We could have also used the search functionality to find the match for JURKAT cells:
[15]:
cell_line_bt.search("JURKAT").head()
[15]:
ontology_id | definition | synonyms | parents | __agg__ | __ratio__ | |
---|---|---|---|---|---|---|
name | ||||||
JURKAT cell | CLO:0007043 | an immortalized human T lymphocyte cell that w... | JURKAT | [CLO:0000523] | jurkat cell | 100.0 |
RCB0806 cell | CLO:0050978 | A immortal human blood cell line cell that has... | RCB0806|Jurkat | [CLO:0000617] | rcb0806 cell | 100.0 |
+/+ (A) cell | CLO:0001020 | None | +/+ (A) | [CLO:0000019] | +/+ (a) cell | 90.0 |
Jurkat J6 cell | CLO:0007044 | None | Jurkat J6 | [CLO:0000019] | jurkat j6 cell | 90.0 |
U cell | CLO:0009449 | None | U | [CLO:0000466] | u cell | 90.0 |
The same workflow can be applied to genes.
Genes¶
[16]:
gene_bt = bt.Gene()
gene_bt
[16]:
PublicOntology
Entity: Gene
Organism: human
Source: ensembl, release-110
#terms: 75719
📖 .df(): ontology reference table
🔎 .lookup(): autocompletion of terms
🎯 .search(): free text search of terms
✅ .validate(): strictly validate values
🧐 .inspect(): full inspection of values
👽 .standardize(): convert to standardized names
🪜 .diff(): difference between two versions
🔗 .to_pronto(): Pronto.Ontology object
[17]:
gene_bt.inspect(adata.var_names, gene_bt.ensembl_gene_id)

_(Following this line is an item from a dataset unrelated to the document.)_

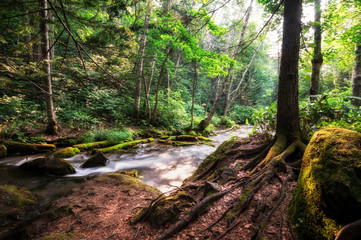 Small cascading waterfall in a creek taken in Biei, Japan.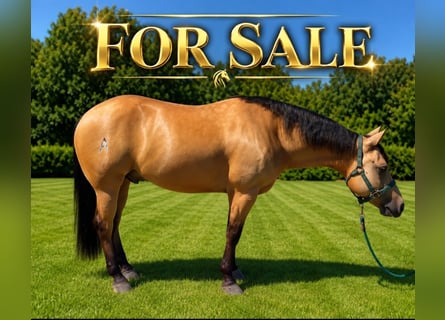 American Quarter Horse, Wallach, 5 Jahre, Buckskin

✅ 2 terms (66.70%) are validated for ensembl_gene_id
❗ 1 term (33.30%) is not validated for ensembl_gene_id: ENSGcorrupted
[17]:
<lamin_utils._inspect.InspectResult at 0x762c61ff7950>
ENSGcorrupted
is not a valid Ensembl gene ID and should therefore also be corrected.
Conclusion¶
pertpy provides support for ontology management, inspection and mapping through Bionty. Bionty provide access to gene, cell type, cell line, disease, phenotype ontologies and many more.
To access these ontologies we create Bionty objects that have class functions to map synonyms and to inspect data for adherence against ontologies. Mismatches can be remedied by finding the actual correct ontology name using lookup objects or fuzzy matching.